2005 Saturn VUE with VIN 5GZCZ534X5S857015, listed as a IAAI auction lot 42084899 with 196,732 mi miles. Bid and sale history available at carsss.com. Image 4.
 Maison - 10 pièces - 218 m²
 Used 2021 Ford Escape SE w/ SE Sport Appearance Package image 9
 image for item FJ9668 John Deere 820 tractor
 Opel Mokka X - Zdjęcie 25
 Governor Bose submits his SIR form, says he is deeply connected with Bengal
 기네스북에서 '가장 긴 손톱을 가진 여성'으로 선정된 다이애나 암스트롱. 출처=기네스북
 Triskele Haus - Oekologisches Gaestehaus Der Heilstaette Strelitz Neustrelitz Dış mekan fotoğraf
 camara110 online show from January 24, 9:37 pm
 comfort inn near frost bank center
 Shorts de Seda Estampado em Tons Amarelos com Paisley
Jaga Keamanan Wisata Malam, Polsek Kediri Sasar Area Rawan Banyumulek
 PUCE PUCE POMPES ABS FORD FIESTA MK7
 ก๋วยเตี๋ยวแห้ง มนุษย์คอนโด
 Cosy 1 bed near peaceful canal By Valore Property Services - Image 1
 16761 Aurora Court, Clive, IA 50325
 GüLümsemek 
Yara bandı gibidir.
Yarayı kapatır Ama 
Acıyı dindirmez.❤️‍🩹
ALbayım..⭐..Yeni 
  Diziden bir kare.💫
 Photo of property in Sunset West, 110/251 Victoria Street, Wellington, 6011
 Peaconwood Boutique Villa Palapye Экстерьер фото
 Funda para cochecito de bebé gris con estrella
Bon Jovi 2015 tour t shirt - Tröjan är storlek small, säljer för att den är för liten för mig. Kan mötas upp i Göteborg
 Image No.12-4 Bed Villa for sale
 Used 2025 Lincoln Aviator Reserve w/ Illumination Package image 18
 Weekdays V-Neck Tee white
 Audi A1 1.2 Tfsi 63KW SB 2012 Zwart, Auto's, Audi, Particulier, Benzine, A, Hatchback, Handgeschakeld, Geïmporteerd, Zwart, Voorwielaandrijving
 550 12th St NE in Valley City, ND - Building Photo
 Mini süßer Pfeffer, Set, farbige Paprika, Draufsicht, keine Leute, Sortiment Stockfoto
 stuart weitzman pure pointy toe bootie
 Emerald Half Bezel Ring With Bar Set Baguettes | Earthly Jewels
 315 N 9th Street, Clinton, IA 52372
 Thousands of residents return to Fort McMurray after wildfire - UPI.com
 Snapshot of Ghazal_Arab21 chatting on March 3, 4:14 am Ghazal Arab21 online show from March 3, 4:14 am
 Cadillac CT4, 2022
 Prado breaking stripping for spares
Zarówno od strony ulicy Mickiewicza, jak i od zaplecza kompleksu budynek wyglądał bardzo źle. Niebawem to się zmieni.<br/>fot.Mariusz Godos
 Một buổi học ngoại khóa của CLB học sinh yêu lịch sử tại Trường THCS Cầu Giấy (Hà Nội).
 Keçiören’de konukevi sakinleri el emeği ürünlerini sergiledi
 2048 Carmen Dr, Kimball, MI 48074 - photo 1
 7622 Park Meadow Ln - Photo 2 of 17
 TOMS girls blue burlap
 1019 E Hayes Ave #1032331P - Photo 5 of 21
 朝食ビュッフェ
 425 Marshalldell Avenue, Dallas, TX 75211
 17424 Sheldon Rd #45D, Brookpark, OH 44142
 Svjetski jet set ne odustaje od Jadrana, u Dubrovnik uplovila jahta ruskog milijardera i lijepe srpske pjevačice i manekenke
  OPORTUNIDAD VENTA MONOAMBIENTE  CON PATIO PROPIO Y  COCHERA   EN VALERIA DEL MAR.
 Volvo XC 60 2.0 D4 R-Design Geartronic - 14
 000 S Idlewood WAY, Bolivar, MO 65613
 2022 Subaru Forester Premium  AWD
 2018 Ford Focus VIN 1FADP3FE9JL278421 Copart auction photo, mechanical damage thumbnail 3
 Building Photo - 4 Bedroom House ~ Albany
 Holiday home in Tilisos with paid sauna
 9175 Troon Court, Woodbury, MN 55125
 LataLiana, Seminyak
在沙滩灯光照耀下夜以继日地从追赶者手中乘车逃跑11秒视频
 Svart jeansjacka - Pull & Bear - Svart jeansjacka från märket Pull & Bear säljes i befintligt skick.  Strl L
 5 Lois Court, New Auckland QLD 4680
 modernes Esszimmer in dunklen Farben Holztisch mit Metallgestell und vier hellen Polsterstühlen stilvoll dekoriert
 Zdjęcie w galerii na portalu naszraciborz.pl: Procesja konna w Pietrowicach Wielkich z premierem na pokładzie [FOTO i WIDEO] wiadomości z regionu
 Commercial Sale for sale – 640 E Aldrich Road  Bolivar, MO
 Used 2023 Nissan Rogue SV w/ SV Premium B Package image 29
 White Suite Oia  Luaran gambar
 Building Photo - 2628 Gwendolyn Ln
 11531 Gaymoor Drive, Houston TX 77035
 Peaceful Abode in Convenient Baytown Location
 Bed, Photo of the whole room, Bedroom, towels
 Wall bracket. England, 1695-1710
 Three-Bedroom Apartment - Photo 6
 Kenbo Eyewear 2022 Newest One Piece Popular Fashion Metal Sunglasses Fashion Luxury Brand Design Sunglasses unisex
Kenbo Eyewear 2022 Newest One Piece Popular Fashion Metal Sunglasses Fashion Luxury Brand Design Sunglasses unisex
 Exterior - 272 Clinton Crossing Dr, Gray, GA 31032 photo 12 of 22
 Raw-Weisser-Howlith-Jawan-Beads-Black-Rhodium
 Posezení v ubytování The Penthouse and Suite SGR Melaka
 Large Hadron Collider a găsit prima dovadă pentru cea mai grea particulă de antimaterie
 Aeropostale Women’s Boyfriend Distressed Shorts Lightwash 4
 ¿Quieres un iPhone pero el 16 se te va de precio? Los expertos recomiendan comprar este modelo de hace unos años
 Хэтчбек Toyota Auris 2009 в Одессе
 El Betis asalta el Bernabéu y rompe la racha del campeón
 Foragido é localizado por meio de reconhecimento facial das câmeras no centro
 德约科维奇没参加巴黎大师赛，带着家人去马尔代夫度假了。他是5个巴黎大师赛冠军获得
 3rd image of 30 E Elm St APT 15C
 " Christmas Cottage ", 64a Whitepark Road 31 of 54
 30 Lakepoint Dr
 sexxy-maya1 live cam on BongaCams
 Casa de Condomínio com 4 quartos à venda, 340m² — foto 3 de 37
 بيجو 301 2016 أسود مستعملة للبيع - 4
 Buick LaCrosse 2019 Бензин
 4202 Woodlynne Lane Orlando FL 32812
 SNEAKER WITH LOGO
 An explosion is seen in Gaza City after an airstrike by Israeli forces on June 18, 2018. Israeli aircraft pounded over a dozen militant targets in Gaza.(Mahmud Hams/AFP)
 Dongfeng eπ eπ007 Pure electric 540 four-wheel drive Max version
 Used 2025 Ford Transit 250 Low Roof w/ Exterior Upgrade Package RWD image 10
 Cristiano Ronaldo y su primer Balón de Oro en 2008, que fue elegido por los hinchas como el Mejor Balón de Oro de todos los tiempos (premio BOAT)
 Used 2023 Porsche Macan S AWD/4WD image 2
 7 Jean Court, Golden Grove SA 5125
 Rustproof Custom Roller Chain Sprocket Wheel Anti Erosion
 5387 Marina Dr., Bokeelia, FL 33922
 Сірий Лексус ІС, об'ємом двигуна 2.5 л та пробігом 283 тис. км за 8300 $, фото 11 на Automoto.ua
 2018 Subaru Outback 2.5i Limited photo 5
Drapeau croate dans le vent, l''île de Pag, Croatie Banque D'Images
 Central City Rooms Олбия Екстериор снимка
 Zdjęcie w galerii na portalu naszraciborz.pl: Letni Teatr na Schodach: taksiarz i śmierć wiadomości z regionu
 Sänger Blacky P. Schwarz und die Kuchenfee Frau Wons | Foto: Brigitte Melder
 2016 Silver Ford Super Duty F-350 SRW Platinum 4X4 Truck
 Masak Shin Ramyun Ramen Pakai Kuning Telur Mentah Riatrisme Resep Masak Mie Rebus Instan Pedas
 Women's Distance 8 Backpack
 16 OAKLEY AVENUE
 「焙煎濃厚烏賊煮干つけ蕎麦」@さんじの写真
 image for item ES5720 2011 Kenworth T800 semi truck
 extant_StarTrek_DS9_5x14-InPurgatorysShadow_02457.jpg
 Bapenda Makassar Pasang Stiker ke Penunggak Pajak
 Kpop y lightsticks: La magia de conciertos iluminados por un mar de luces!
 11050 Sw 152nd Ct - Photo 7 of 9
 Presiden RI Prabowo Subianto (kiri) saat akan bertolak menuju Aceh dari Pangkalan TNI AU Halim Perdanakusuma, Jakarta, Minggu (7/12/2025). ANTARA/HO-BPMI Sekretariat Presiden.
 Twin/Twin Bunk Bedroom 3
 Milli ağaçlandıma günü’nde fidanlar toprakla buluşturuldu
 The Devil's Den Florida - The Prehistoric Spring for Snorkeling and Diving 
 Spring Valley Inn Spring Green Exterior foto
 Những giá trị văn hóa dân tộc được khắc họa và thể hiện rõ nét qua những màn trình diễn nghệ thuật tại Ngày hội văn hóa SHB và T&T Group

> **YOUR GOAL**:
Print exactly the lines of the listing above starting at the line containing "Cadillac CT4, 2022" and ending at the line containing "17424 Sheldon Rd #45D, Brookpark, OH 44142", both included.

> **RESULT**:
 Cadillac CT4, 2022
 Prado breaking stripping for spares
Zarówno od strony ulicy Mickiewicza, jak i od zaplecza kompleksu budynek wyglądał bardzo źle. Niebawem to się zmieni.<br/>fot.Mariusz Godos
 Một buổi học ngoại khóa của CLB học sinh yêu lịch sử tại Trường THCS Cầu Giấy (Hà Nội).
 Keçiören’de konukevi sakinleri el emeği ürünlerini sergiledi
 2048 Carmen Dr, Kimball, MI 48074 - photo 1
 7622 Park Meadow Ln - Photo 2 of 17
 TOMS girls blue burlap
 1019 E Hayes Ave #1032331P - Photo 5 of 21
 朝食ビュッフェ
 425 Marshalldell Avenue, Dallas, TX 75211
 17424 Sheldon Rd #45D, Brookpark, OH 44142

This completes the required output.